Meet the Valiat family. In Iran, they were somebodies. In America, they’re nobodies.
First there is Elizabeth, the regal matriarch with the famously large nose who stayed in Tehran during the revolution. She lives in a shabby apartment, paranoid and alone. Except when she is visited by Niaz, her Islamic-law-breaking granddaughter who takes her debauchery with a side of purpose, and yet somehow manages to survive. Elizabeth’s daughters left for America in 1979: Shirin, a charismatic yet outrageous event planner in Houston who considers herself the family’s future, and Seema, a dreamy idealist-turned-housewife languishing in the chaparral-filled hills of Los Angeles. And then there’s the other granddaughter Bita, the self-righteous but lost law student spending her days in New York City eating pancakes and quietly giving away her belongings.
When an annual vacation in Aspen goes wildly awry and Shirin ends up being bailed out of jail by Bita, the family’s brittle status quo is cracked open. Shirin embarks upon a grand but half-baked quest to restore the family name. But what does that even mean in a country where the Valiats never mattered? Will they ever realize that life is more than just an old story?

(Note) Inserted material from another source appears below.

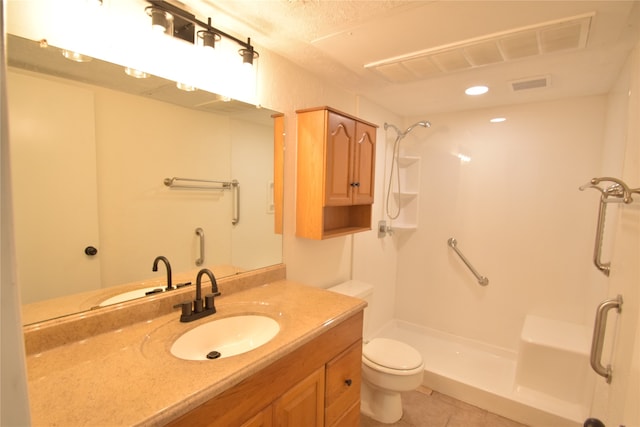 bathroom featuring walk in shower, toilet, vanity, and tile patterned floors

These are five women who are pulled apart and brought together by revolution. Here is their past, present, and future. By turns satirical and philosophical, traveling from the 1940s Iran into a splintered 2000s, The Persians is a mordantly funny, heartbreakingly sad, and profoundly searching portrait of a family in crisis at the turn of the century, an American family saga reinvented.